Comunicar es verbo de acción


En los próximos días ponemos fin a un curso que he impartido sobre "Didáctica de las Competencias Comunicativas", dirigido a docentes de diversos niveles (Primaria, Secundaria, Audición y Lenguaje...), en el que hemos abordado distintos aspectos metodológicos que tenían en común los enfoques comunicativos. La primera cuestión que se presenta es esta: ¿los enfoques comunicativos son patrimonio exclusivo del profesorado de lenguas? Evidentemente, no. Los enfoques comunicativos van encaminados al desarrollo de la competencia comunicativa, a través de tareas significativas e integradas en contextos de comunicación lo más reales posibles. Esa competencia comunicativa "es la habilidad basada en un conjunto de conocimientos (dominios, experiencias, destrezas, hábitos, etc.) que hacen posible que los integrantes de un grupo social (hablante/ oyente/escritor/lector) comprendan y produzcan eficazmente mensajes con significado sobre cualquier aspecto del mundo por diferentes medios y códigos, y en diversos contextos de la vida social". Por tanto, cuando hablamos de la competencia comunicativa no estamos hablando de enseñar lengua y literatura (que sería una mínima parte de la subcompetencia lingüística o de la cultural), sino de desarrollar estrategias globales para que la comunicación entre individuos sea correcta, eficaz y satisfactoria. Por tanto, trabajar esta competencia es tarea de todas las áreas y asignaturas, y así se recoge en los currículos, en las indicaciones para integrar las competencias en el aula, en los desarrollos de planes lectores o planes lingüísticos de centro, etc. Conviene recordarlo e insistir en ello cuanto sea preciso: la lectura, la escritura, la expresión oral, el debate, los portafolios, los diarios de aula... todas esas tareas encaminadas a trabajar, supervisar y mejorar la competencia comunicativa son responsabilidad conjunta del equipo docente y ello implica que se deben conocer las metodologías más eficaces para abordarlas. "Comunicar" es un verbo de acción y no hay modo de hacerlo desde enfoques pasivos.

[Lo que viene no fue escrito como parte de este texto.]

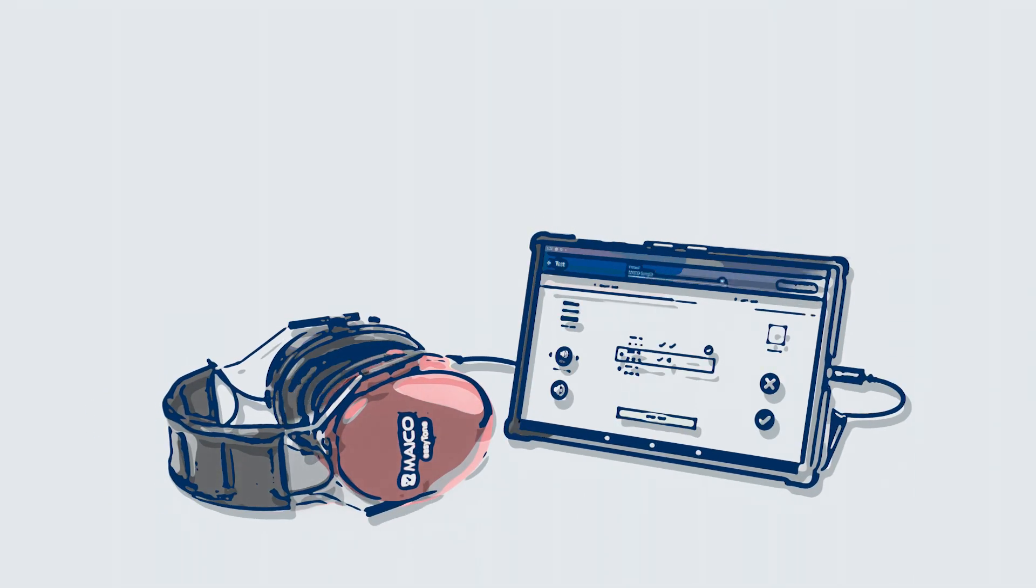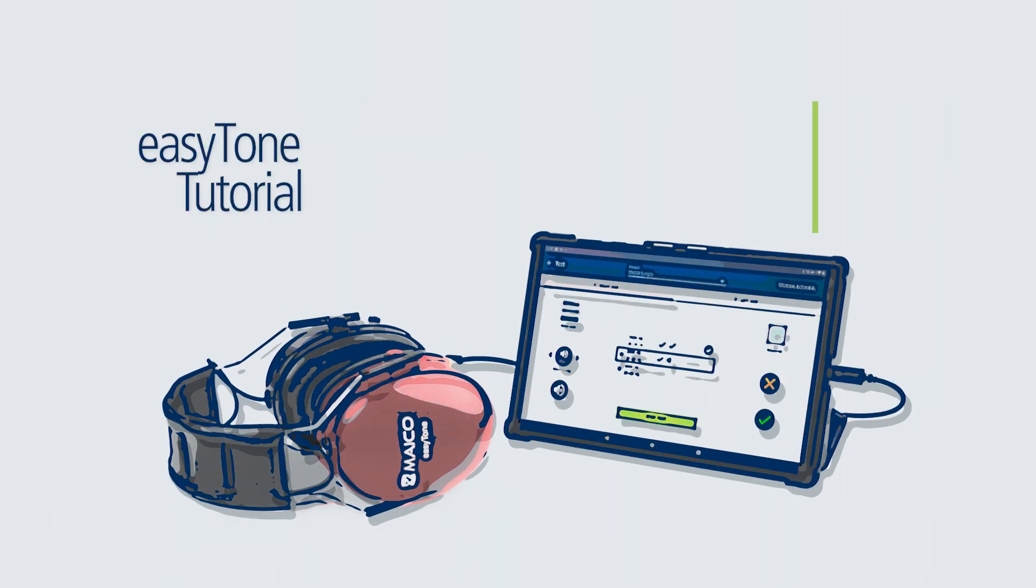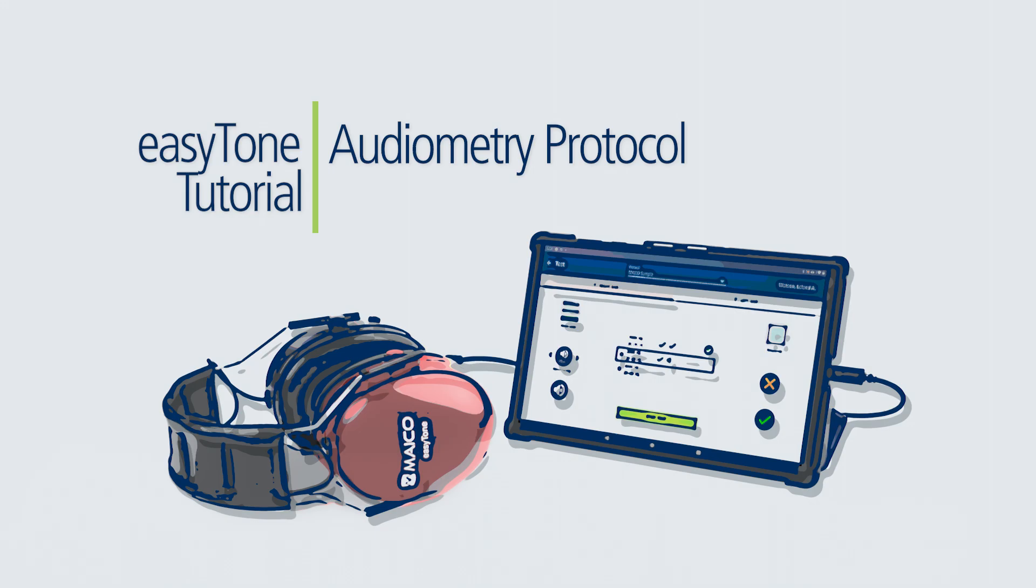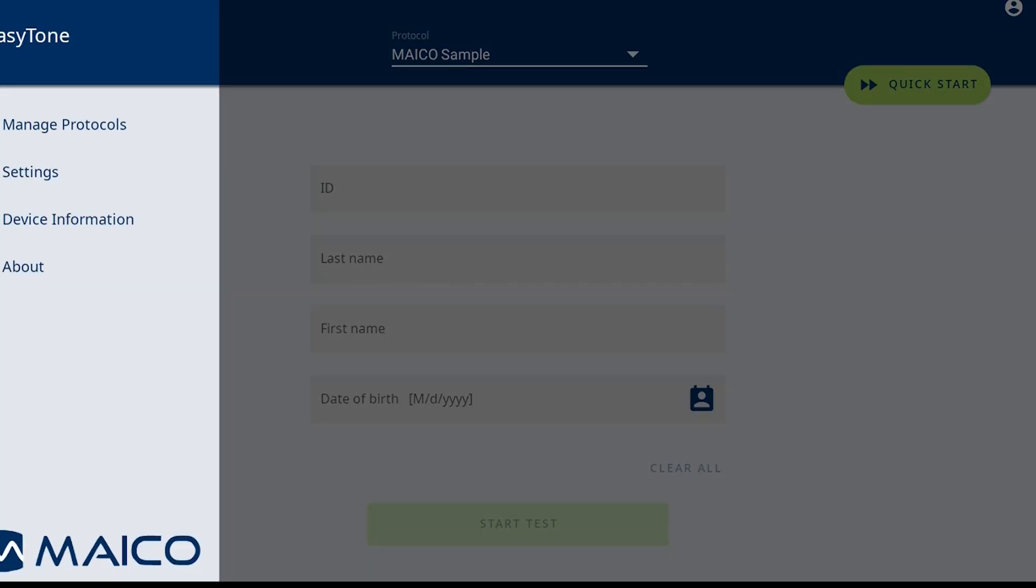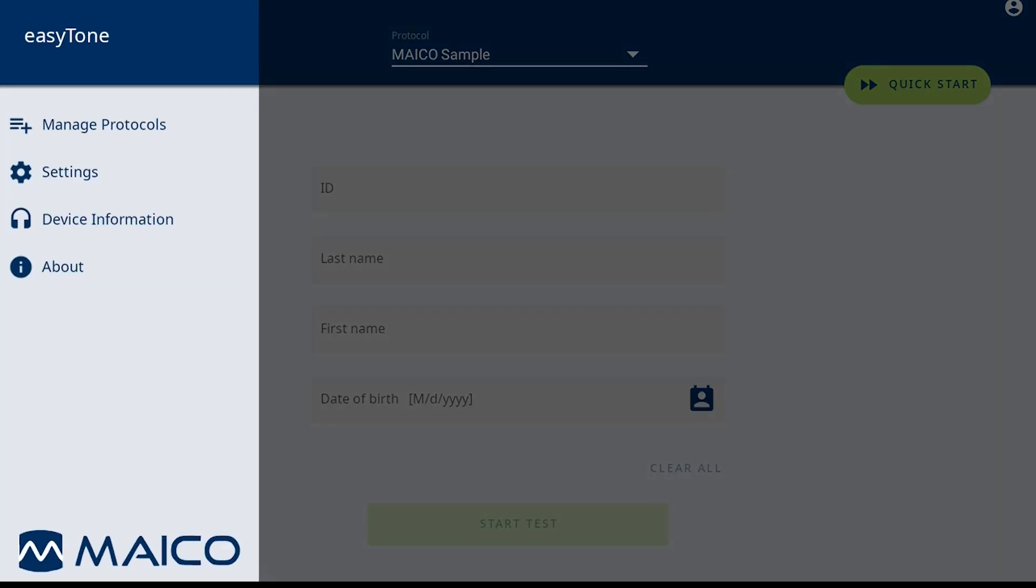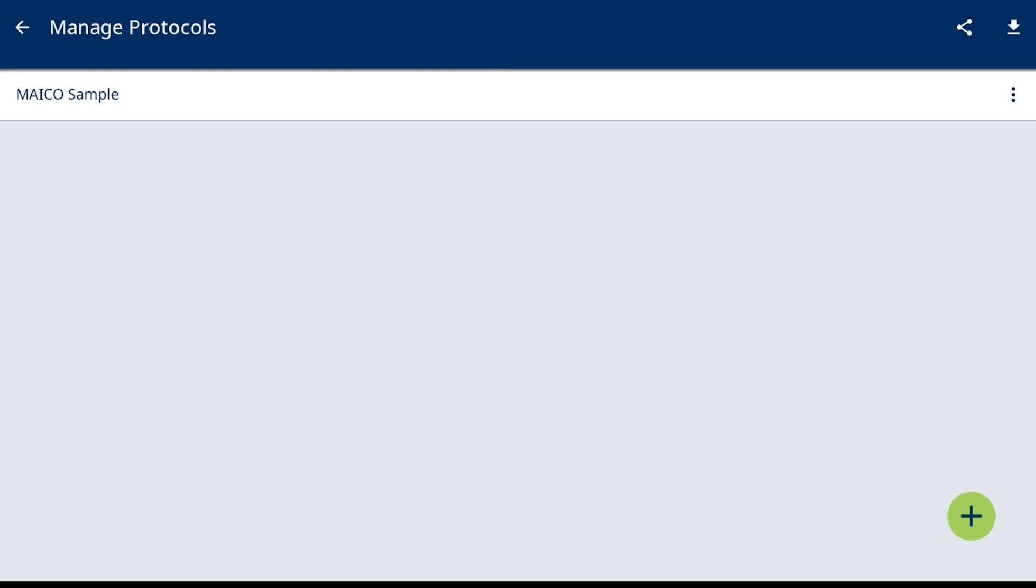This tutorial is to review creating a pure-tone audiometry protocol. To create a protocol, select the hamburger menu at the top left corner. Select Manage Protocols and a demonstration MAKO sample protocol is listed.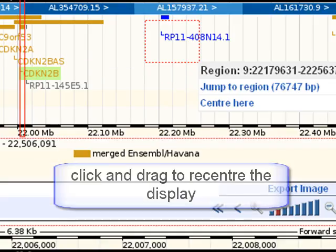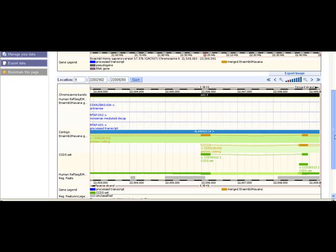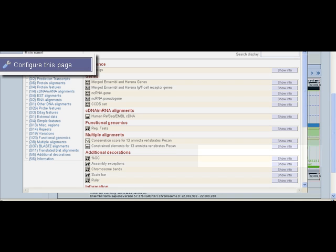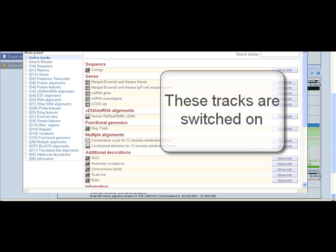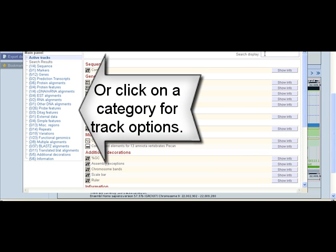Scrolling down, the CCDS track is shown with aligning regions in dark green. 'Configure this page' allows many more tracks to be drawn. Active tracks are shown here — these are ones already selected. Information for these tracks will be displayed if there is data for those tracks in this region.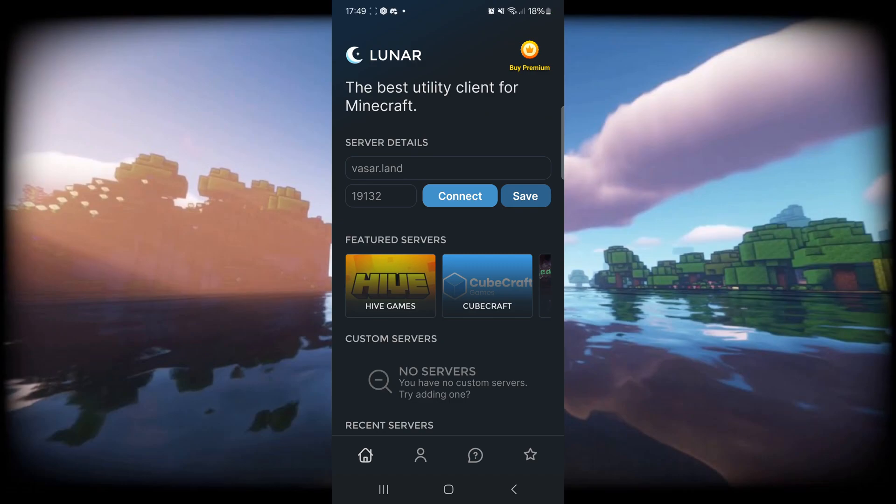Today I'm showing you exactly how to use Lunar Client, probably the most popular proxy for MCPE. I've got it pulled up right over here. If you want to find out how to download and install it, I will link that right down in the description below. We'll start off with the actual app itself, and then we'll move into Minecraft as well.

Al hilo de este curso he ido publicando en el blog De textos algunas notas recopilatorias sobre distintos aspectos de los enfoques comunicativos. Estos recursos los he recopilado también en un sitio web: Enfoques comunicativos, para que queden a disposición de quienes los necesiten. También allí agradezco las aportaciones de muchos colegas que han abordado este tema, aunque la lista se haría interminable si tuviese que mencionar a todos los que de una manera u otra me han iluminado el camino.
Dejo para el final algunas reflexiones surgidas a partir de las intervenciones en el curso:

  • ¿Puede un docente del siglo XXI trabajar la competencia comunicativa con sus alumnos si ni siquiera conoce experiencias didácticas de su propio claustro o de colegas cercanos?
  • ¿Se puede trabajar la competencia comunicativa exclusivamente con un libro de texto?
  • ¿Se garantiza la competencia en comunicación cuando más del 80% de tareas están centradas en la escritura?
  • ¿Se puede desarrollar y evaluar la competencia comunicativa cuando más del 80% de tareas se hacen fuera del aula?
  • ¿Qué formación se está ofreciendo a los docentes para que conozcan y desarrollen metodologías comunicativas del siglo XXI?
  • ¿Han aprendido alguna vez los docentes técnicas de comunicación?
  • ¿Puede un docente que permanece al margen de redes sociales y entornos digitales instruir adecuadamente a sus alumnos en la comunicación de hoy día?
  • ¿Es más importante para nuestro futuro tener alumnos bilingües que alumnos alfabetizados en contextos comunicativos digitales?
  • ¿Cómo es posible que unos enfoques comunicativos que llevan tantos años en marcha (aprendizaje por tareas, por proyectos, por problemas...) sigan siendo minoritarios en unas aulas invadidas por actividades mecanicistas y descontextualizadas?
  • ¿A quién echaremos las culpas cuando lo que se aprenda en el aula no sirva para nada en la realidad?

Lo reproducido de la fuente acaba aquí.